返回上一页在多页站点上查看的页面

Question

Please forgive me if I'm over complicating this.

My goal: build an online course which allows the user to return to where they last stopped on a multi-page html/php site.

I purchased the aMember script, it's a php script that protects folders and files and allows membership levels. It does not come with any pre-made course pages or such, just a server side protection. It allows registration of user accounts and gives them access to specific folders and pages.

==== What I want to do is to build a sequential html5 course, with smaller chunks of info in each for easier learning. Building a menu to jump around is not ideal for this type of course. So I would want a button that takes a logged in user back to the page where they visited last time and to include it in the DB so that they can log in from anywhere and not count on cookies.

I am not a programmer so it's hard for me to explain in shorter terms, I hope you can understand and direct me to the right resources. Thanks!

Answer 1

Create a script that's included in every page of your site which will send info about user id,last visited page,time etc to database and your login script will redirect user accordingly from the information in your DB. Should not be that hard, if you need any code examples then ask.

You should store maybe user id in a session in login script.

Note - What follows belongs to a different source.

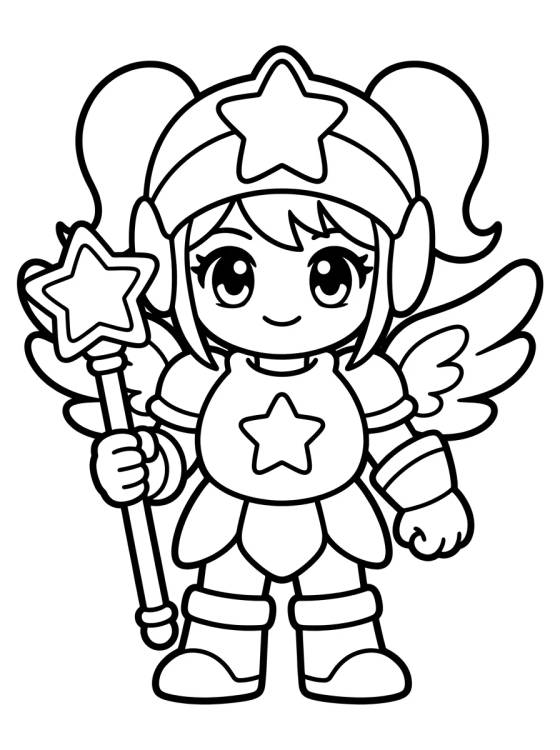 Guerreira Visual com Armadura de Estrelas para colorir Desenho de Guerreira Visual com Armadura de Estrelas para colorir e imprimir grátis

For example the script for saving should be something like this:

if(isset($_SESSION['u_id'])){
  $db_handler=mysqli_connect(DB_HOST, DB_USER, DB_PASS, DB_NAME) or die 
  ('ERROR: Could not connect.');
  $u_id = $_SESSION['u_id'];
  $ref = $_SERVER['HTTP_REFERER'];
  $query= "INSERT INTO user_activity(u_id,page) VALUES ($u_id, $ref);";
  $res = mysqli_query($db_handler,$query);
  if(!$res) {
    die("ERROR: " . mysqli_error($db_handler));
  }
}

And in your login script you should have something like this:

if(isset($_POST['user'])){
  $db_handler=mysqli_connect(DB_HOST, DB_USER, DB_PASS, DB_NAME) or die 
  ('ERROR: Could not connect.');
  $u_id = $_POST['user'];
  $query= "SELECT t.id,u.u_id,u.page from users t JOIN users_activity u ON t.id=u.u_id WHERE u.u_id=$u_id;";
  $res = mysqli_query($db_handler,$query);
  if(!$res) {
    die("ERROR: " . mysqli_error($db_handler));
  }
}    

Should give you some idea, got busy at work so can't do better right now.